Financial disclosure on divorce & separation
This factsheet explains the process of financial disclosure during divorce and separation proceedings.
The process of financial disclosure on divorce & separation is where you will give full details of your personal financial position, resources, and future needs.
This will normally be exchanged between you and your partner. If there are financial remedy proceedings, you will also provide copies to the Family Court.
The exchange of disclosure will mean that you and your former partner have a full understanding of each other’s financial position and the information can be used to negotiate or reach a fair settlement.
The process will be ordered by the Family Court when you start formal financial remedy proceedings. However, it is very important that you consider disclosure even if you are trying to reach an agreement by negotiating with each other.
This is the process by which you and your former spouse or civil partner determine how to fairly distribute assets following a divorce or dissolution.
This will legally finalise how your finances will be split. The process is also known as financial remedy and ancillary proceedings.
The breakdown of a relationship is hard enough. When this happens, you obviously want the best settlement possible.

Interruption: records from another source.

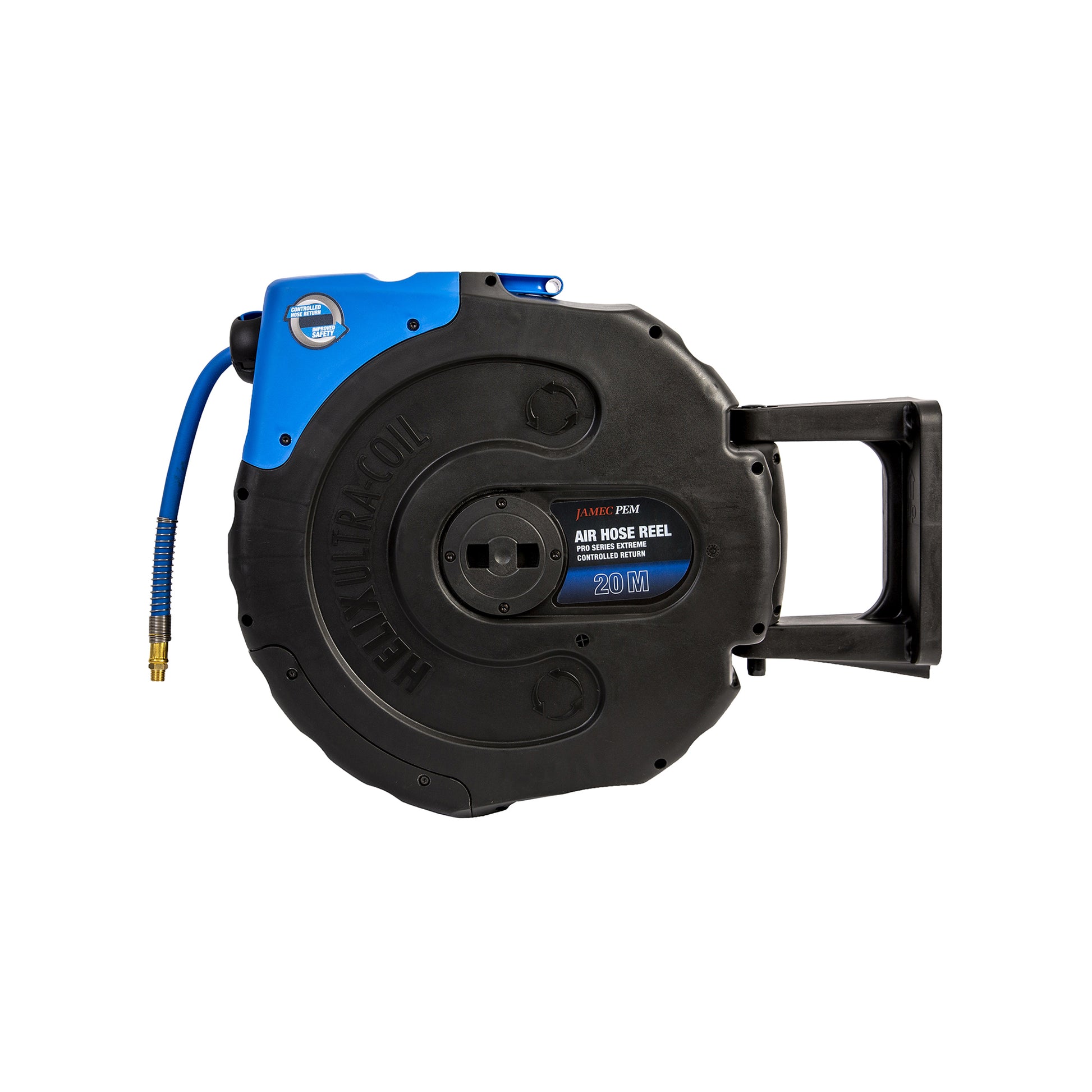JAMEC PEM Retractable Hose Reel - 9.2mm I.D. x 15m, 300 PSI, Brass Fittings, UV Stabilised Case Qty 1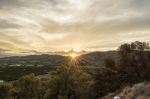 Sunset In Castellon Stock Photo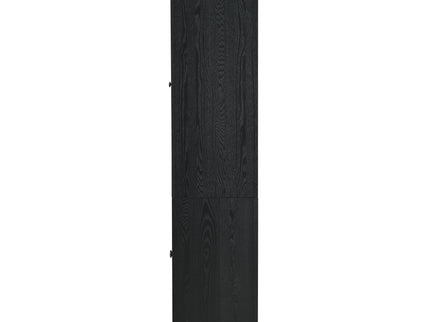 Mid Century Modern Style Tall Display Cabinet With Glass Doors For Collectibles - Black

However, it does mean that you could get into disputes if you cannot agree with your former partner.
It is very important that you have full financial information about your former partner.
It would be very difficult to agree to a settlement if you do not even know the full financial picture. Remember, the finances must be split fairly, and this means having access to all the appropriate information.
There is a duty on you both to provide ‘full and frank’ disclosure.
This means that on an on-going basis you need to make sure you provide a full, clear and accurate position of your finances.
The last thing you need is for your conduct to be questioned on the basis you are not providing full and frank disclosure.
It is possible that the case outcome can be challenged if it is later found that one of you has not given full and frank disclosure.
You will sign a statement of truth, which means that if you deliberately give untruthful information, it may be a criminal offence, or you may be found to be in contempt of Court.
The disclosure wilI be exchanged using Form E. This can be found here. If you consider page 27 of this form it gives you a very handy Schedule of Documents to accompany Form E.
The process of collecting evidence means that you rely on third-party organisations. Often, when you request evidence from them, it can cause delays. So, it is important that you prepare efficiently and start to gather the documents as soon as possible.
It can save you a lot of cost and delay if you do so.
It is possible for you and your former partner to exchange questionnaires where you can ask relevant questions about the disclosure. This means that you can challenge your former partner if they have not given full disclosure or if the information they have provided is incorrect/evasive.